Wątkiem, którym SKK także zajmuje się od samego początku, są sprawy lokalowe. Tu głos zabrała m.in. aktywistka z Łódzkiego Stowarzyszenia Lokatorów:
„Głównym i podstawowym problemem jest stan zasobu miejskiego i to w jaki sposób miasto podchodzi do tematu zarządzania tym zasobem. Głównym pomysłem na to, co z nim zrobić jest prywatyzacja i pozbycie się możliwie dużej ilości lokali. To nie jest ten kierunek, który jest potrzebny.
Miasto tłumaczy się tym, że nie ma pieniędzy na generalne remonty, ale nie zajmuje się takimi podstawowymi rzeczami jak zwykła, bieżąca konserwacja i zadbanie o to, aby budynki miały szansę funkcjonować normalnie.
Ludzie mieszkają w mieszkaniach zagrzybionych, zimnych, wilgotnych, które często nie mają toalet i łazienek. Które po prostu w godność ludzką uderzają.

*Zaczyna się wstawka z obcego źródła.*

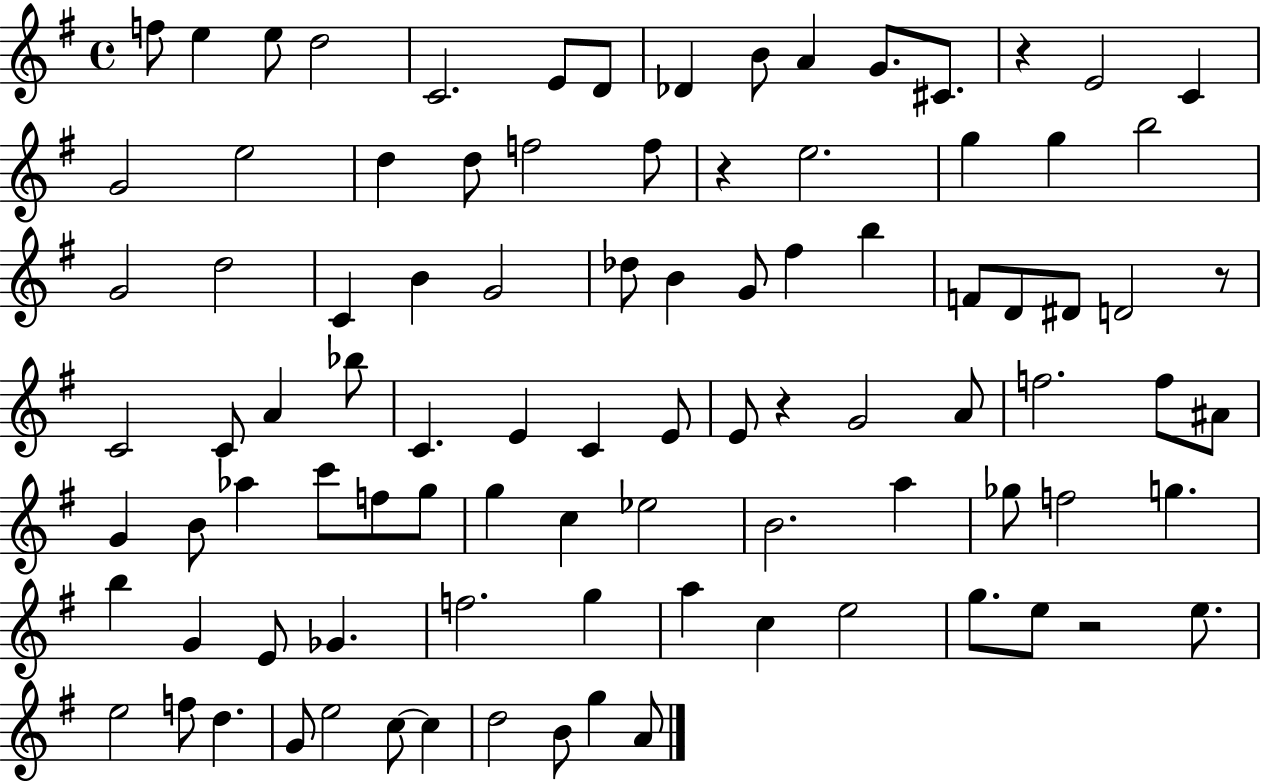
F5/e E5/q E5/e D5/h C4/h. E4/e D4/e Db4/q B4/e A4/q G4/e. C#4/e. R/q E4/h C4/q G4/h E5/h D5/q D5/e F5/h F5/e R/q E5/h. G5/q G5/q B5/h G4/h D5/h C4/q B4/q G4/h Db5/e B4/q G4/e F#5/q B5/q F4/e D4/e D#4/e D4/h R/e C4/h C4/e A4/q Bb5/e C4/q. E4/q C4/q E4/e E4/e R/q G4/h A4/e F5/h. F5/e A#4/e G4/q B4/e Ab5/q C6/e F5/e G5/e G5/q C5/q Eb5/h B4/h. A5/q Gb5/e F5/h G5/q. B5/q G4/q E4/e Gb4/q. F5/h. G5/q A5/q C5/q E5/h G5/e. E5/e R/h E5/e. E5/h F5/e D5/q. G4/e E5/h C5/e C5/q D5/h B4/e G5/q A4/e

Lokatorzy są często (przez administrację) wprowadzani w błąd. Nie mają najmniejszego poczucia bezpieczeństwa. Często biorą kredyty, aby zachować mieszkania, które potem i tak są im odbierane”.
Na koniec pierwszego dnia Kongresu odczytano list do Prezydentki Łodzi, Pani Hanny Zdanowskiej. Poszerzenie zasobu komunalnego, jego dostępność i stan techniczny, były w nim kluczowe.
Co ważne SKK opracowuje postulaty. Na bazie przeprowadzonych rozmów, formułowane są konkretne potrzeby, dotyczące płac, warunków zatrudnienia, liczenia czasu pracy, czy minimalnych kryteriów w lokalach miejskich.
Drugi dzień SKK, to między innymi Manifa.
SKK zorganizował Ogólnopolski Związek Zawodowy Inicjatywa Pracownicza, a obecne były działaczki ze Stowarzyszeń Lokatorów, OZZ inicjatywy Pracowniczej, Konfederacji Pracy, Stowarzyszenia BEZ.